Human beings don’t succeed and grow during a crisis. Instead, they numb, deny, and push beyond what they can handle to survive it. Growth comes afterward. It’s also not guaranteed. Plenty of people never recover after living in a state of crisis for a long time.
Most people don’t thrive when they are taught they have no choice but to suck it up and deal. Feeling like a failure every day takes a huge toll that may not show up for years. Sadly, it will eventually show up.
Creating a magical world for your child is an individual decision. It is a parenting and lifestyle choice because it entails tremendous sacrifice. It will also completely change you and your perception of people and the world. However, if following the standard “formula” to create a “high functioning adult” isn’t a guarantee, it’s important to recognize that other paths can be valid.

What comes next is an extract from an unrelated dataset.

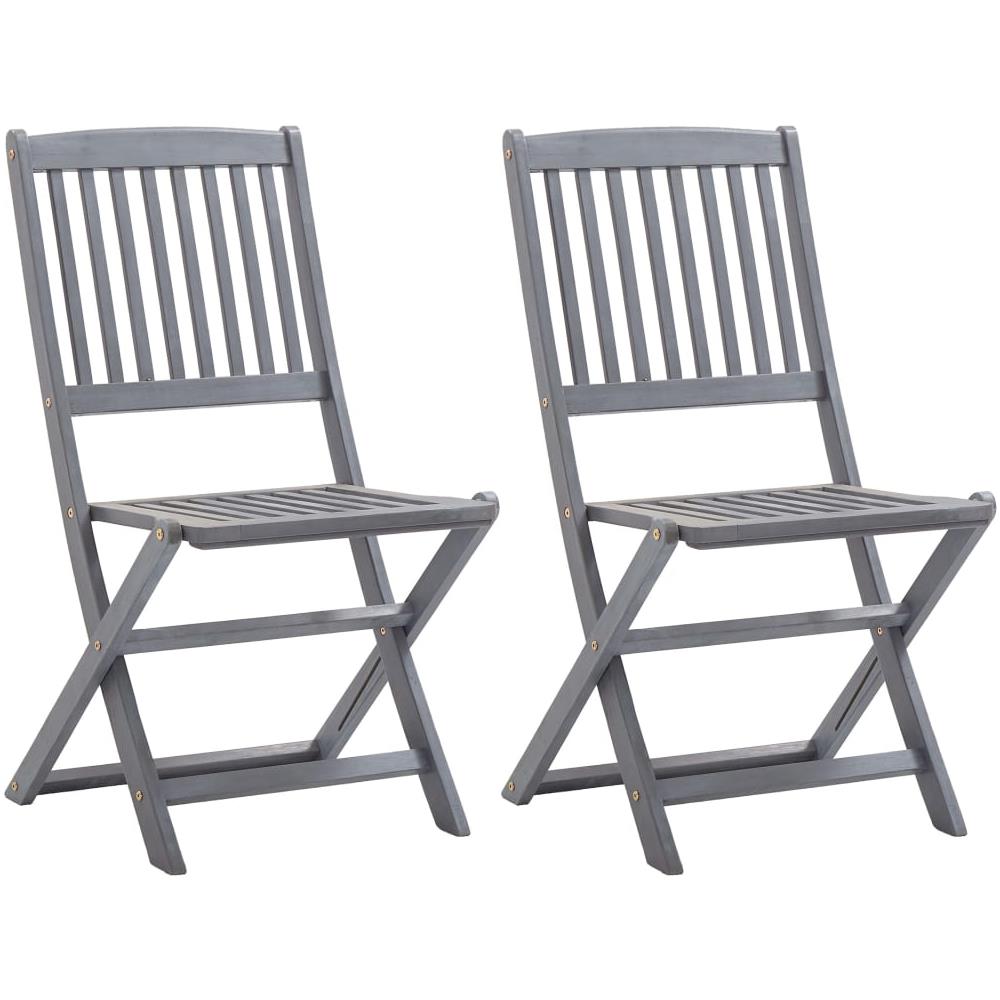 Sedie da Giardino Pieghevoli 2pz con Cuscini in Massello Acacia - Foto 3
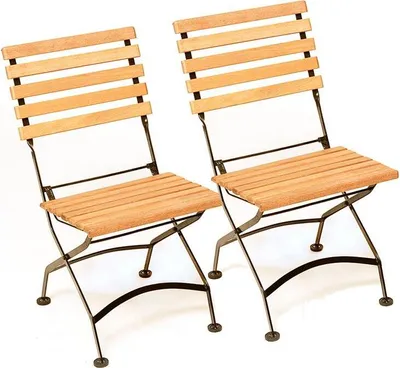 Obrázek produktu pro Zámecká zahradní židle sada 2 ks MECINA-29 Eukalyptové dřevo olejované, plochá ocel, ŠxVxH: cca 59x86x47cm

My experience has taught me that accepting a child’s strengths and challenges and creating a world in which they can manage the former and build on the latter is actually a great set up for success. My girl has goals and dreams. She is still held accountable and responsible for her end of the deal. However, by not forcing her to go numb or be an anxious wreck for the sake of following a formula, she’s learning to set goals and be flexible in how she achieves them.
My girl is 11 now and our magical world will continue to evolve. She and I both know that. We’ve spent 11 years figuring it out together. That strategy seems to be working. I wish I could tell you I had a plan. All I’ve ever had is endless love, hope and determination to give my girl the best life possible. What brings me peace is knowing that, for right now, this works. How do I know? I have an 11 year old special girl who says she is happy and really likes herself.
Like any good magical wizarding story, this one will have twists and turns, victories and defeats. Although I have more data, blogs and Facebook groups than I did 11 years ago, I still haven’t found a book that tells me what to expect in the future. What guides me, what has always guided me, is a promise I made to a 4.5-pound, eight weeks early baby in the NICU: No matter what, we’ll figure this out together.